*** Opening of Data for this task ***
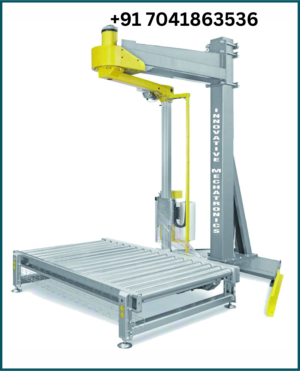 Arm type pallet wrapping machine with conveyor system by Innovative Mechatronics in automated packaging line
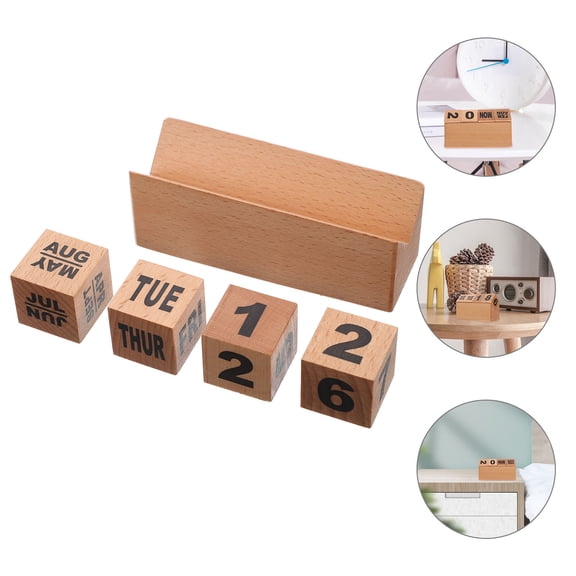 PTOOTP Rustic Wooden Block Calendar for Office Desk, Multi-Functional Date and Month Display, Perfect Home or Work Decor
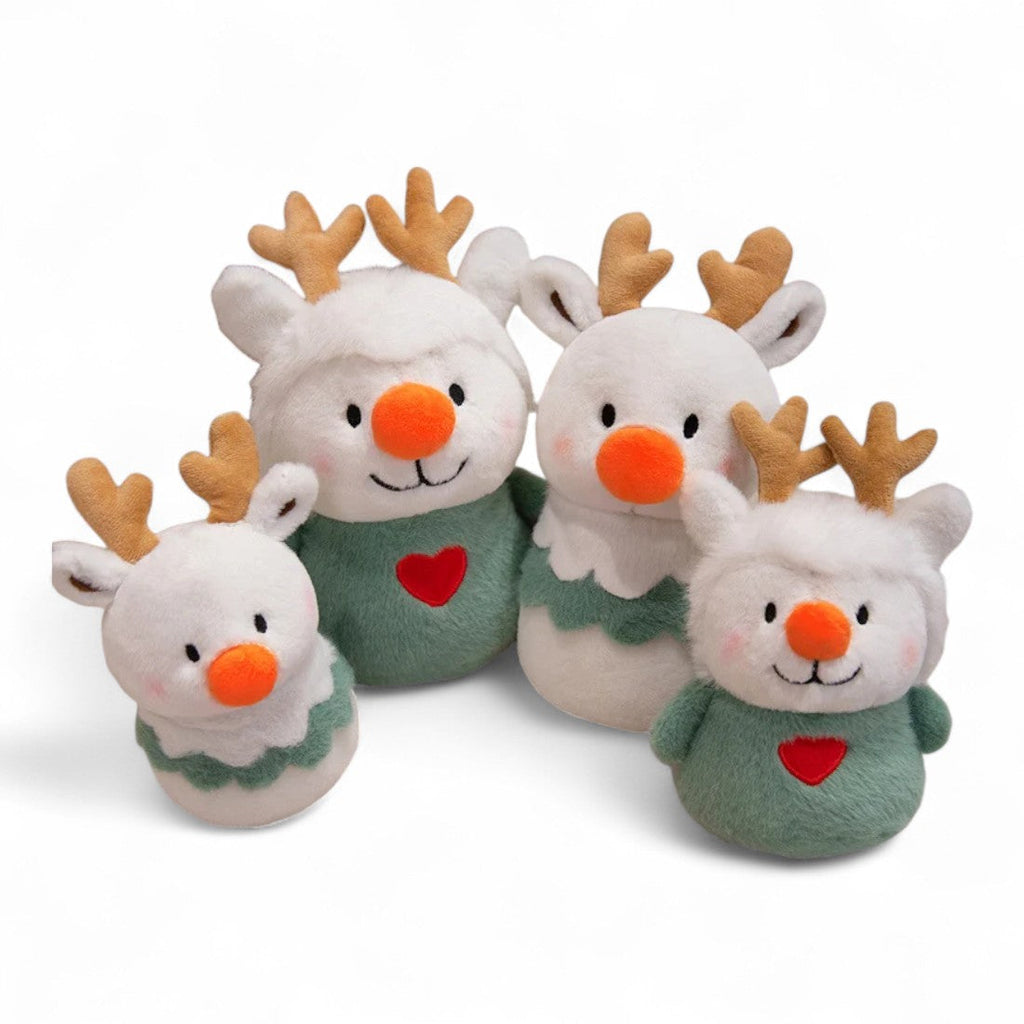 Peluche di Natale duo renna pupazzo di neve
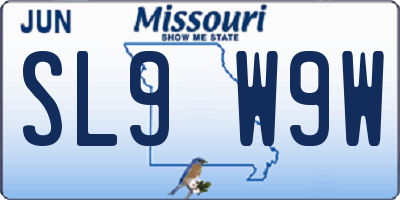 MO license plate SL9W9W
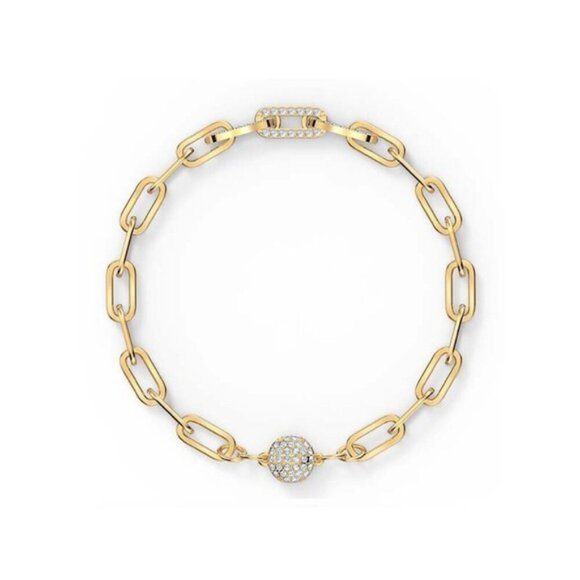 Swarovski yellow gold interlocking bracelet - Picture 1 of 5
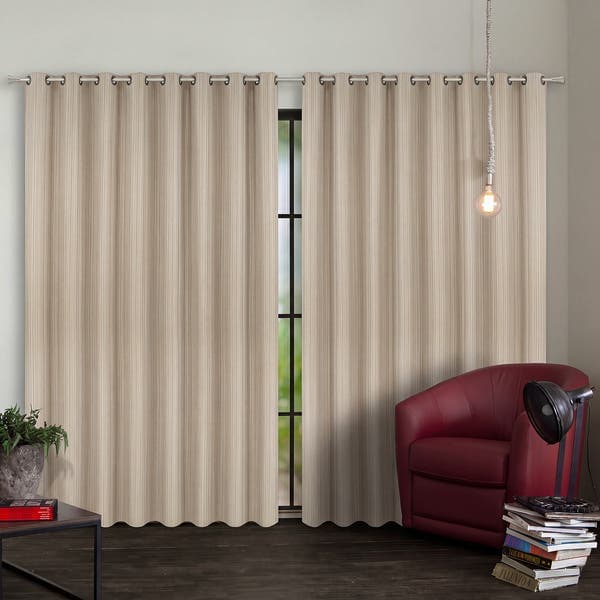 Cortina Ilhós 2 Folhas 2,60x5,40m Bege, Modelo Chino, da Beca Decor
*** Close of Data for this task ***
* [About this exercise]: Although the records above contain pictures, your copy should give only their text, exactly as written.

* [Problem solution]:
 Arm type pallet wrapping machine with conveyor system by Innovative Mechatronics in automated packaging line
 PTOOTP Rustic Wooden Block Calendar for Office Desk, Multi-Functional Date and Month Display, Perfect Home or Work Decor
 Peluche di Natale duo renna pupazzo di neve
 MO license plate SL9W9W
 Swarovski yellow gold interlocking bracelet - Picture 1 of 5
 Cortina Ilhós 2 Folhas 2,60x5,40m Bege, Modelo Chino, da Beca Decor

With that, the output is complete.